Cohort characteristics are depicted in Table 1. Most of the women were African American, multiparous, and evenly represented by normal, overweight, and obese prepregnancy body mass index measurements. The mean percentage of body fat was 38%. Metabolic data are presented in Table 2. The mean 1-hr 50-g glucose challenge test was 102.2 mg/dL; the hemoglobin A1c level was 5.5%. Fasting lipid profiles were consistent with late gestation.
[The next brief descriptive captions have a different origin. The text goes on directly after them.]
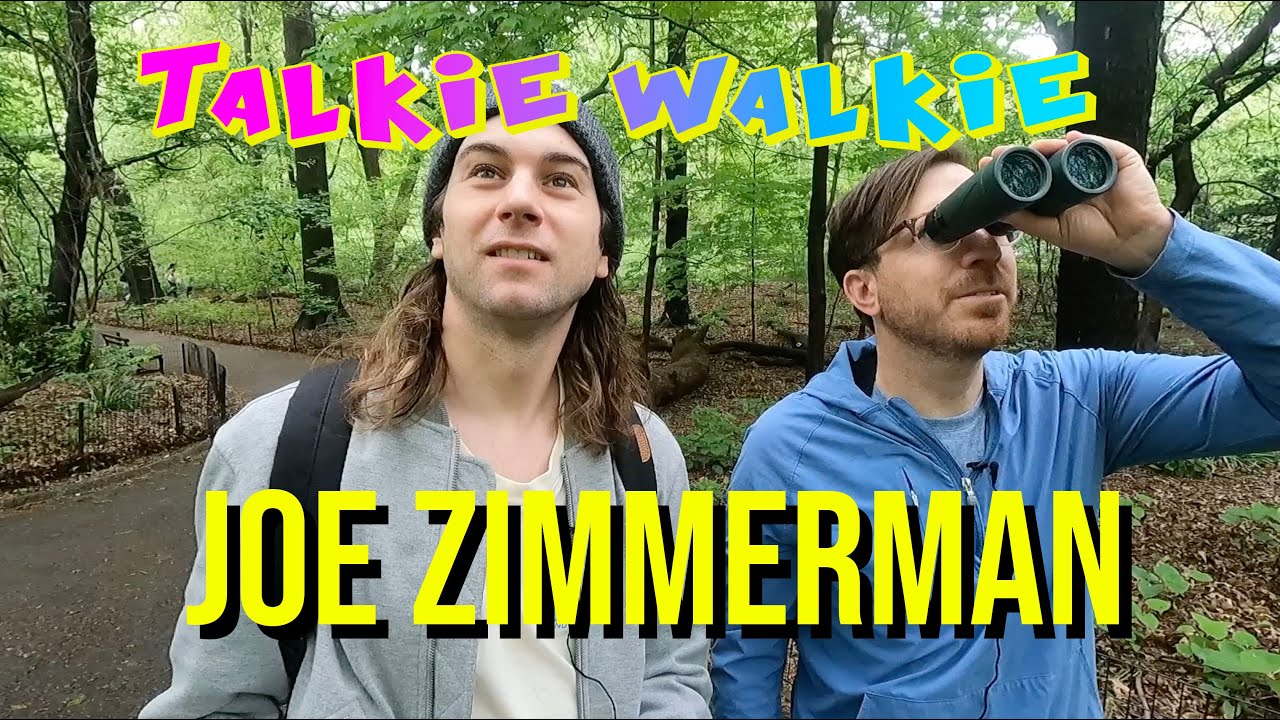 Joe Zimmerman is a bird watching comedian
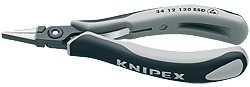 KNIPEX 34 12 130 ESD Praezisions-Elektronikgreifzange flach E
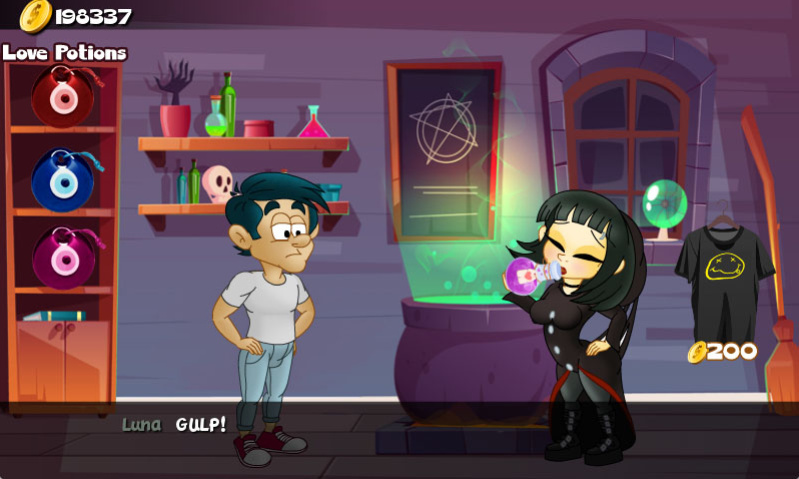 Hungry Girls Game: Luna's Lambent Magic (COMPLETE)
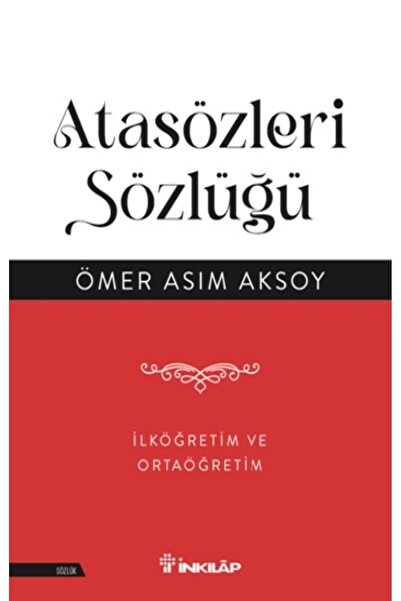 İnkılap Kitabevi Atasözleri Sözlüğü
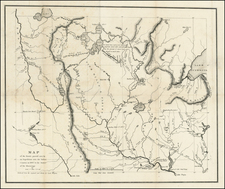 Midwest and Plains Map By Henry Schoolcraft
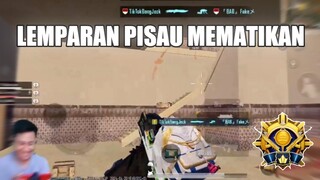 22 KILLS ACE DOMINATOR ❗❗ LEMPAR PISAU BANGJECK LANGSUNG BIKIN MUSUH KNOCK❗❗ PUBG Mobile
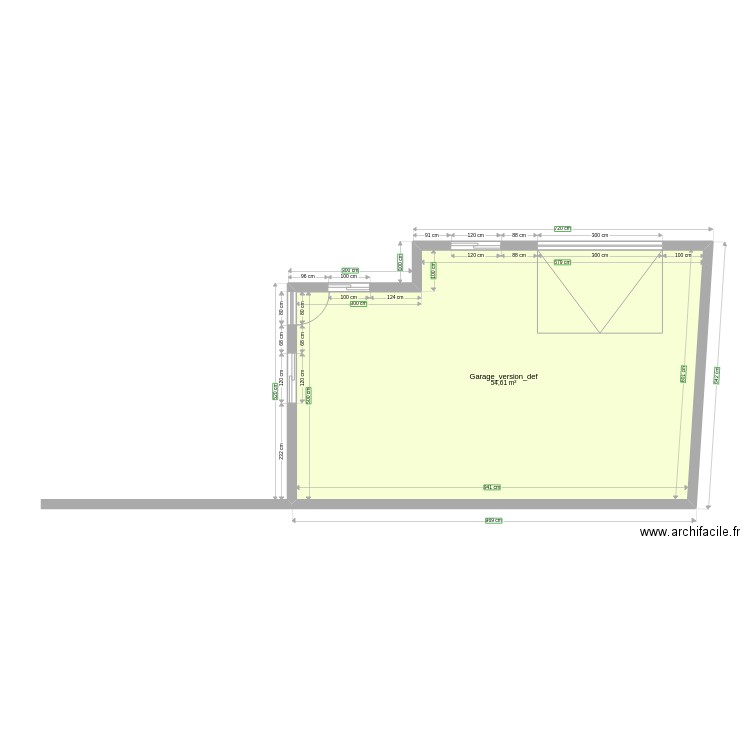 PlanGarage2. Plan de 0 pièce et 0 m2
The mean glucose value during the 12 hour acquisition was 85.4 ± 0.49 mg/dL.

TABLE 1.

Cohort characteristics

Characteristic Measure
Age, ya 27.2 ± 4.7
Gestational age at first visit, wk/da 30/4 ± 12 d
Parity >1, n (%) 15 (75)
Ethnicity, n (%)
 White 7 (35.0)
 African American 11 (55.0)
 Hispanic 1 (5.0)
 Other 1 (5.0)
Prepregnancy body mass index, n (%)
 Normal 6 (30)
 Overweight 6 (30)
 Obese 8 (40)
Body mass index at first visit, kg/m2a 31.1 ± 5.2
Weight gain at first visit, kga 7.0 ± 7.1
Body fat, %a 37.8 ± 5.8
a

Data are presented as mean ± SD.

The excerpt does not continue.